Shaun Fitzgerald leaves the Maroochydore police station watchhouse.
Shaun Fitzgerald leaves the Maroochydore police station watchhouse.

Families hunt for missing $3.4m

A SUNSHINE Coast financial adviser faced court yesterday accused of defrauding more than $3 million from 19 families to fund his “decadent” lifestyle.

Shaun Daniel Fitzgerald, 37, allegedly offered “lucrative investment opportunities”, usually to purchase shares in Woodside or Channel Seven, with generous returns in a short period.

Police alleged 19 clients invested money into private accounts which Mr Fitzgerald (pictured) used on “personal living expenses”.

Police objected to Mr Fitzgerald’s bail, saying he was a flight risk, when he faced Maroochydore Magistrates Court yesterday on one count of fraud and 30 counts of passing valueless cheques at Mackay, the Gold Coast and the Sunshine Coast.

Mr Fitzgerald was granted bail on condition that he surrender his passport, not approach within 100m of an international departure point, report to police three times a week and live with his mother at Doonan.

The bail objection affidavit revealed the alleged fraudster told clients the accounts were attached to financial advice company 360 Asset Management, which had no affiliation to his own company accounts – for RKF Investments and Zero Cost Base – where money was deposited.

It detailed how Mr Fitzgerald allegedly impressed an urgency on clients to reduce the time they had to check the validity of investments.

The objection claimed he would provide valueless cheques to querying clients, 10 to one client, and then make up excuses about why they were dishonoured.

“It will be submitted these cheques were used merely to put off complainants to buy (Mr Fitzgerald) time before he cut ties,” police wrote.

The bail objection also disclosed that he had attended court in Queenstown, in New Zealand, in January for drink-driving and dangerous driving charges.

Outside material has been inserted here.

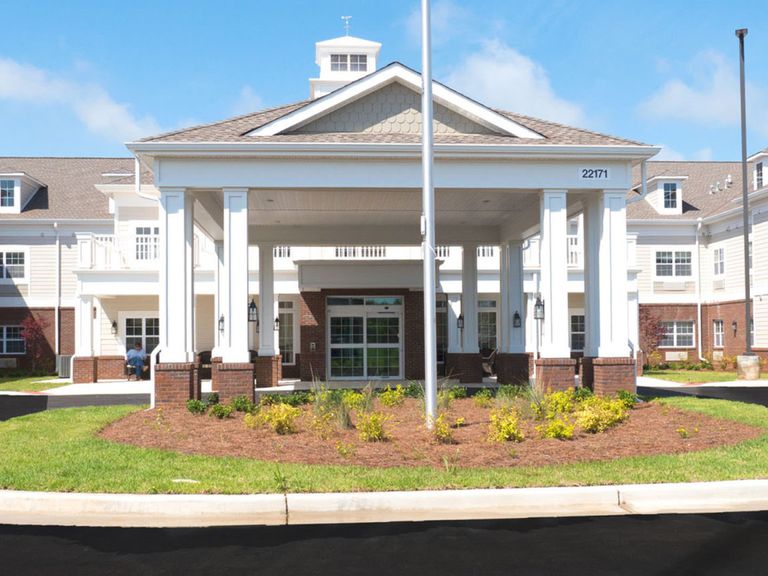 Traditions Of Athens Pricing Photos And Floor Plans In Athens Al Seniorly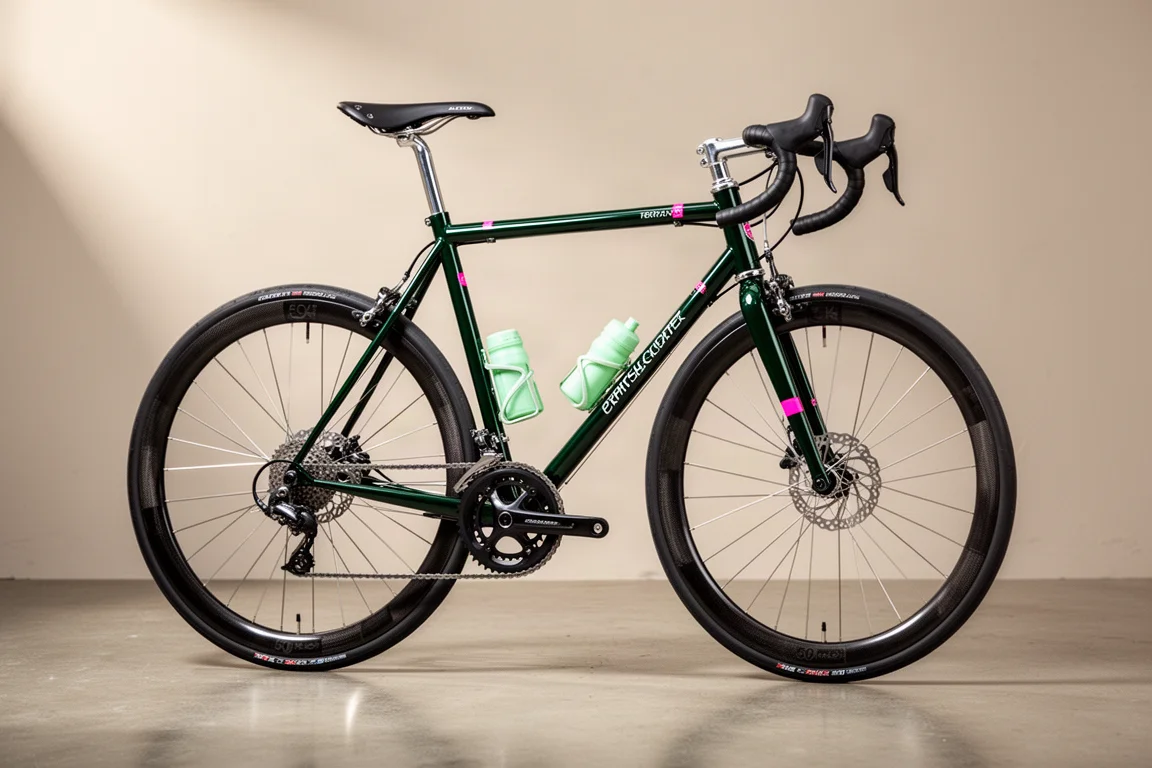 Ritchey Road Logic Disc product image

“He provided information to the court that he was a businessman from Australia who was attempting to set up a property development company in Queenstown,” it read.

“This would suggest that the defendant is likely to attempt to travel to New Zealand for these business interests, making him a high risk of fleeing this jurisdiction.

“Checks with immigration show he has travelled overseas five times since April 1, 2010.

“Checks with Austrac (Australia’s anti-money laundering financing regulator) show some movement of monies to Thailand, New Zealand, the United States and England.”

“This defendant has affected 19 families, leaving some with no financial security,” the objection read.

Police alleged Mr Fitzgerald’s family members had also lost $1.1 million but had not filed complaints.

Lawyer Leigh Rollason said his client had been on holidays with his mother for part of the recent trip.

“White-collar offences of this kind around Australia see people in this position granted bail,” Mr Rollason said.

“The circumstances of this case arise out of the collapse of a business on the Sunshine Coast in early to mid 2010 in the context of the Global Financial Crisis,” he said.

“There have been ongoing proceedings in relation to that from some parties.

“There was a lot of publicity at the time of the collapse.

“Mr Fitzgerald has been under considerable stress from these proceedings.”

Magistrate John Hodgins said “a substantial amount of money” was involved and potential clients would be cautioned by the publicity of the court mention.

The case was adjourned until March 16.